Gördüğüm manzaraya itiraz etmeden rahat edemeyeceğim.
Malum, geçtiğimiz pazartesi 8 Mart Dünya Kadınlar Günü'nü Türkiye'de de idrak ettik! Şimdi söyleyin bana...
8 Mart'ta bir kafede otururken o bölge belediyesinin görevlilerinin içeri girip masanıza bıraktığı karanfil ne düşündürttü size? Siyasal suiistimale uğradığınız veya baştansavmacı bir yapaylıkla karşı karşıya olduğunuz hissi içinizi sarmadı mı?
Böyle bir gün hangi nedenle doğmuş ve kutlanır olmuştu ki! Erkekler tarafından gönüllerinizin hoş tutulduğu bir gün olsun diye mi?
Bunu hiç merak etmiyor musunuz?
***
Pazar ve pazartesi tv programlarına göz gezdirdim, bizim Yaşamdan Dakikalar da dahil, hemen hepsi 8 Mart'ı kadınlar hakkında iki güzel laf etme fırsatı olarak gördü ve konuyu açmalarıyla kapatmaları bir oldu. O günün akşamı şehrin kalabalık caddelerinden birindeydim. Bir grup güleryüzlü genç kadın "kadınlar özgür olsa, dünya yerinden oynar" diye bağırarak geçtiler. Etraftaki öteki kadınlar ise "Canım bütün bunların ne ilgisi var, dünyayı yerinden oynatmakla!" der gibi baktılar onlara.
Bazı popüler kadın köşe yazarlarını okudum o gün. "Kadınlık durumu" üzerine yazmışlardı ama acılı bir yemeğin üzerine atıştırılan bol kremalı bir tatlıdan söz eder gibiydiler.

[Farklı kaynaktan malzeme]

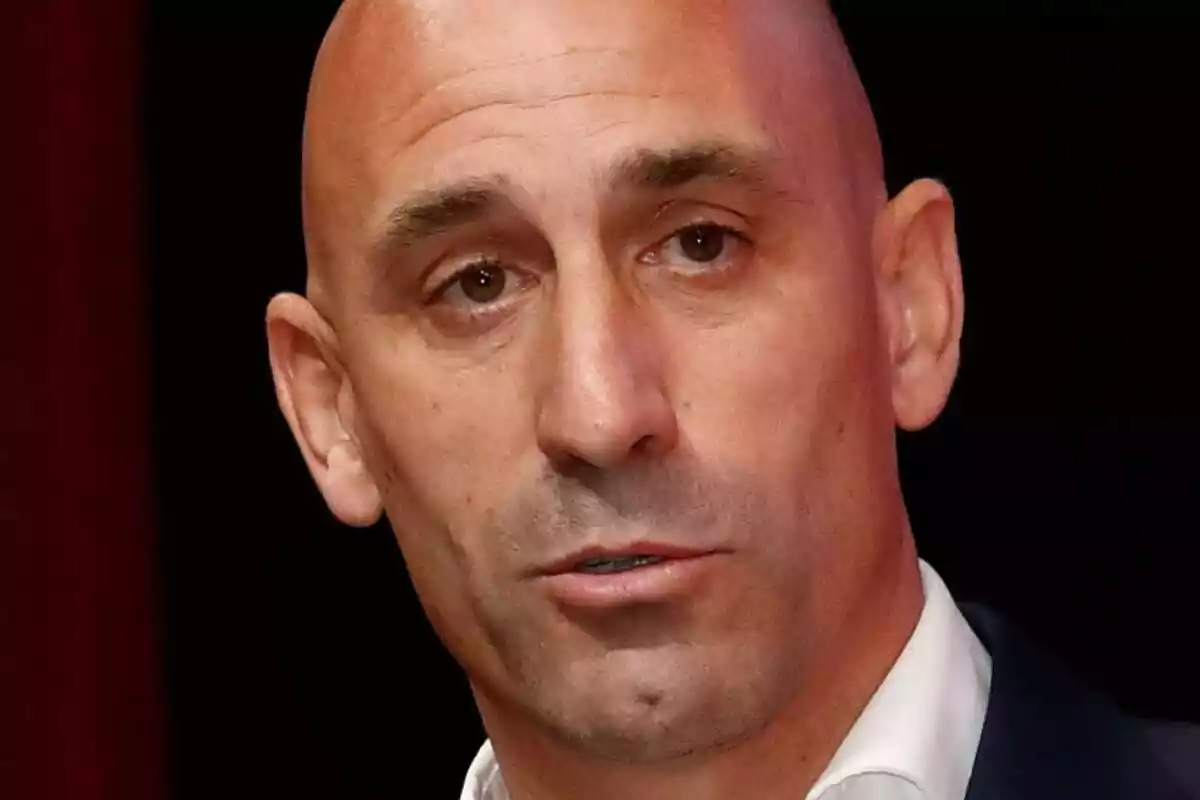 Primer pla de Luis Rubiales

O zaman içimden dedim ki..
8 Mart'ın çıkışını, tarihini, varlık nedenini yeniden hatırlamanın zamanı geldi galiba!
***
Niye 8 Mart?..
Farkındayım, aklını eğlenceyle bozmuş fakat neşesini bir türlü bulamamış popüler kültür ve sit-com'cu medya Dünya Kadınlar Günü'nün neden 8 Mart'ta kutlandığının merak edilmemesi için sekiz takla atıyor.
Ama bilmek gerek!
1857 yılıydı. New York şehrindeki bir dokuma fabrikasının işçileri çalışma koşullarının iyileştirilmesi için greve başlamıştı. 8 Mart'ta polis grevcilere saldırdı ve hepsini fabrikaya kapattı. Yangın çıktı. Çoğu kadın olan 129 işçi yanarak can verdi.

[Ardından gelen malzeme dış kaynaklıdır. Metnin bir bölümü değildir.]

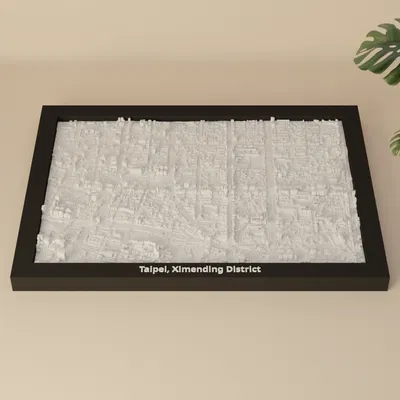 Taipei, Quận Ximending, Đài Loan - Mô hình 3D thu nhỏ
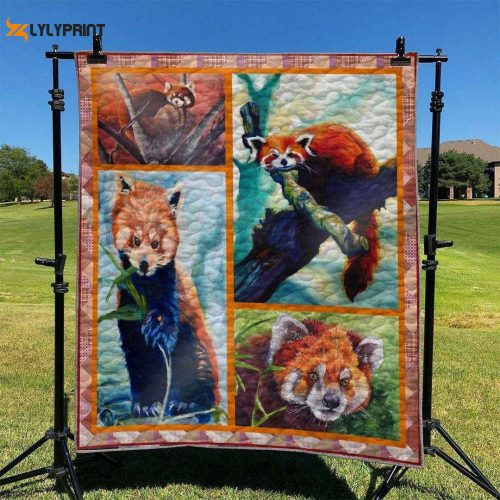 Red Panda 3D Customized Quilt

İlk olarak 1910'da sosyalist militan ve düşünür Clara Zetkin ABD'de yaşanan faciayı anmak adına 8 Mart'ların "Dünya Emekçi Kadınlar Günü" ilan edilmesini istemişti.
Dediğim şu...
8 Mart'ların ciddi bir meselesi vardır.
Bugünden baktığımızda...
Mesele artık sadece emekçiler bağlamında ele alınmayabilir.
Ama bu mesele elbette hâlâ kadınların sömürülmesi, kadına karşı şiddet ve cinsiyet ayrımcılığı meselesidir.